Anglers Asked to Aid Research by Donating Fish Heads

Anglers fishing Lake Michigan’s open waters and tributaries for Chinook and lake trout are being asked to donate the heads of the fish they harvest to aid research critical to keeping fishing strong.

“With the help of the U.S. Fish and Wildlife Service, more tagged fish are being stocked now than ever before,” says Cheryl Masterson, a Department of Natural Resources fisheries technician.

“The tag in the fish’s snout has a number that tells us when and where the fish was stocked. To learn as much as we can about the behavior of the fish in the lake, we would like to collect heads from tagged sport-caught fish.”

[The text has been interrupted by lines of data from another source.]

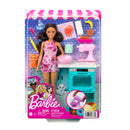 Barbie Speelset Assorti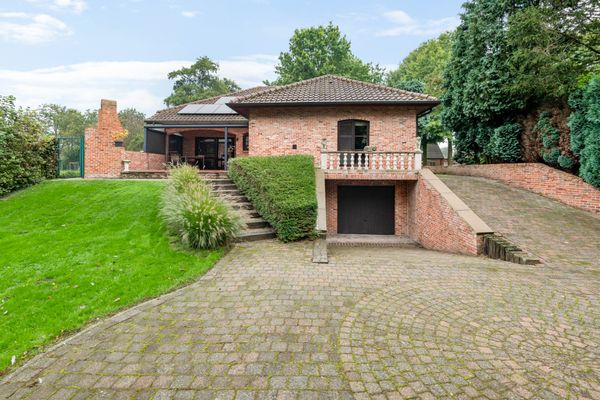 Woning
                            verkocht in Sint-Lenaarts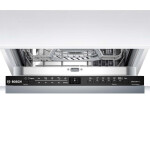 Встраиваемая посудомоечная машина Bosch SPV2HKX3DR
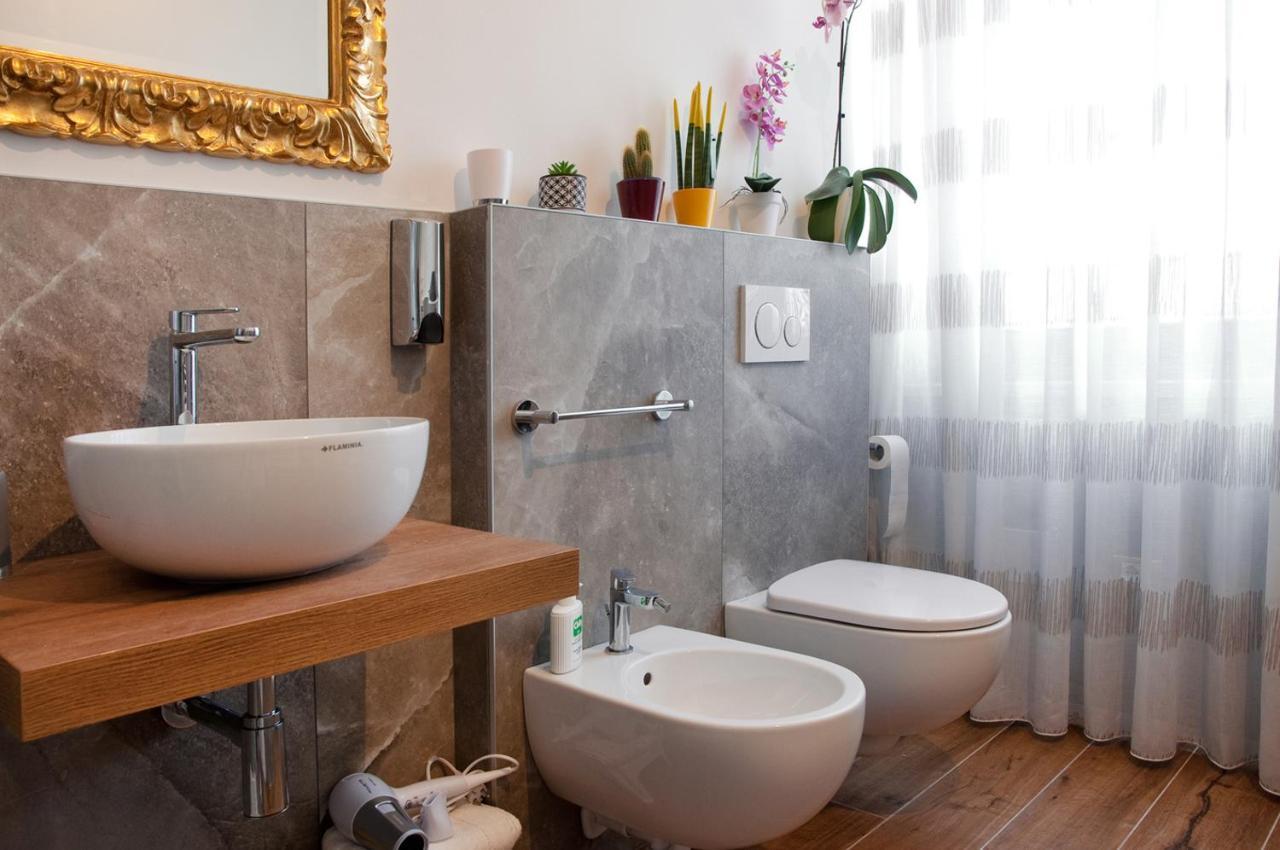 Apartamento Arena D'intorno *
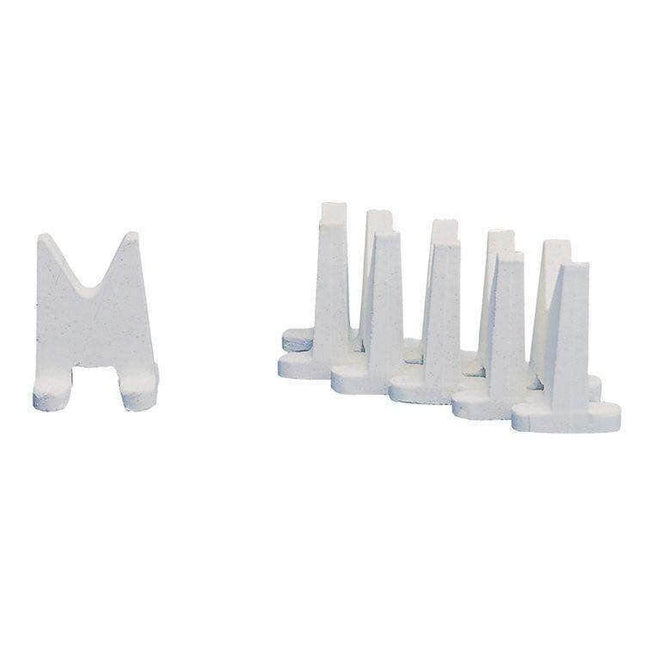 H-Base Pegs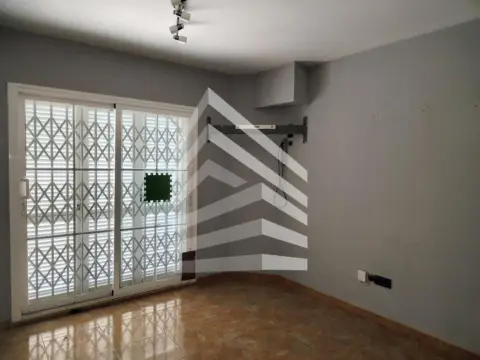 Chalet en Camí de Ferran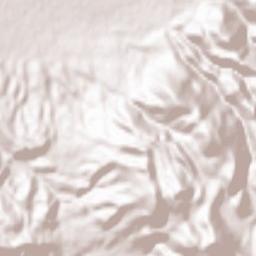 Ovriá Terrain Map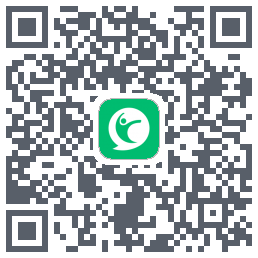 咕咚 QRcode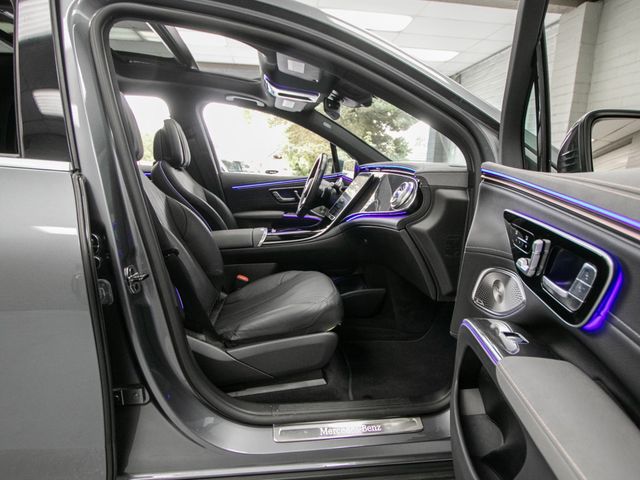 2023 Mercedes-Benz EQS EQS 450 4MATIC SUV - 23072321 - 19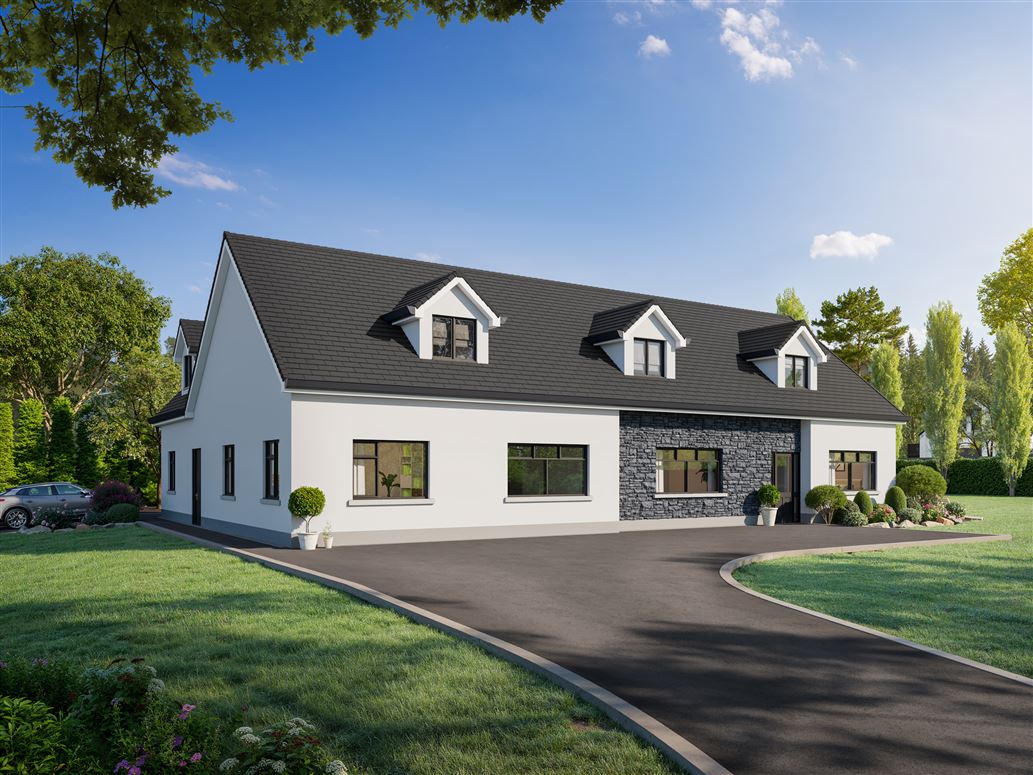 Lakeview, Claregalway, Galway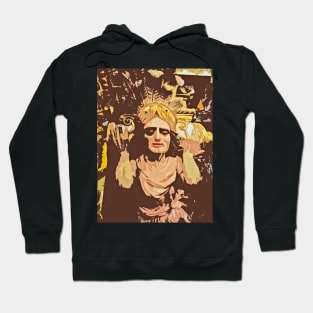 Heavenly creation Hoodie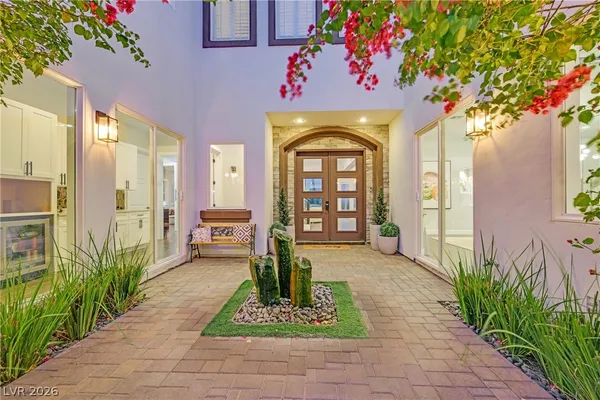 $2,550,000 | 6 Rue Du Ville, Henderson, NV 89011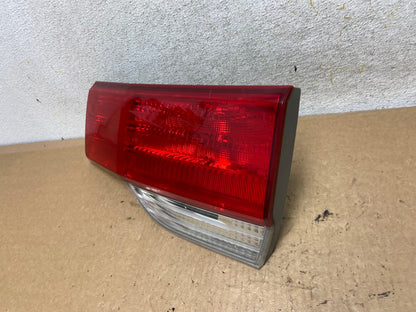 2008 2009 2010 Honda Odyssey Tail Light Inner Right Passenger Rh AI3543 LK1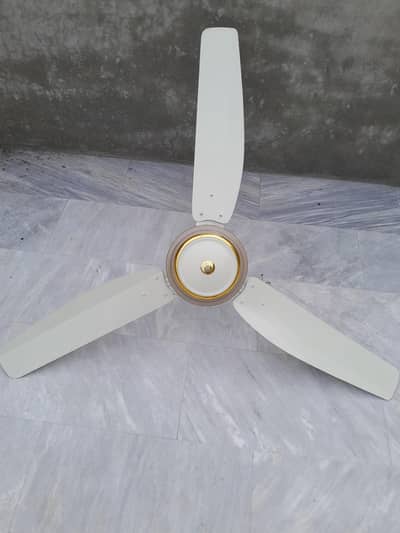 used AC fan available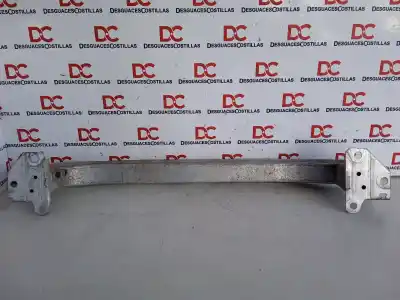 Автозапчастина б/у передній бампер підсилення для RENAULT CLIO III 20 Aniversario Посилання на OEM IAM 8200834853A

Only those harvested fish missing the small back top fin, known as the adipose fin, are being sought, because the missing fin is a sign that the fish likely received a tag in its snout. For several years now, federal and state natural resource agencies have been marking hatchery-raised Chinook and trout by safely implanting a tiny steel tag etched with a number relating to where and when the fish was hatched and stocked. Now that the fish are growing large enough to be kept by anglers, researchers are collecting Chinook salmon and trout heads to look for the steel tags.

DNR has partnered with local businesses in most major ports along the lakeshore where anglers can drop off fish heads, Masterson says. Each business has been given a supply of forms for anglers to fill out and bags to use for freezing the head. Anglers should include the following information with each head – date of capture and capture location, along with the fish species, length, weight, and gender, she said.

Nick Legler, DNR fisheries biologist in Sturgeon Bay, said the information associated with the number on the tag in the fish can help answer how many fish are in Lake Michigan, how many are wild instead of raised in a hatchery, and where they are caught in relation to where they were stocked. Data also will be used to measure fish growth and age at capture and to evaluate hatchery and stocking practices.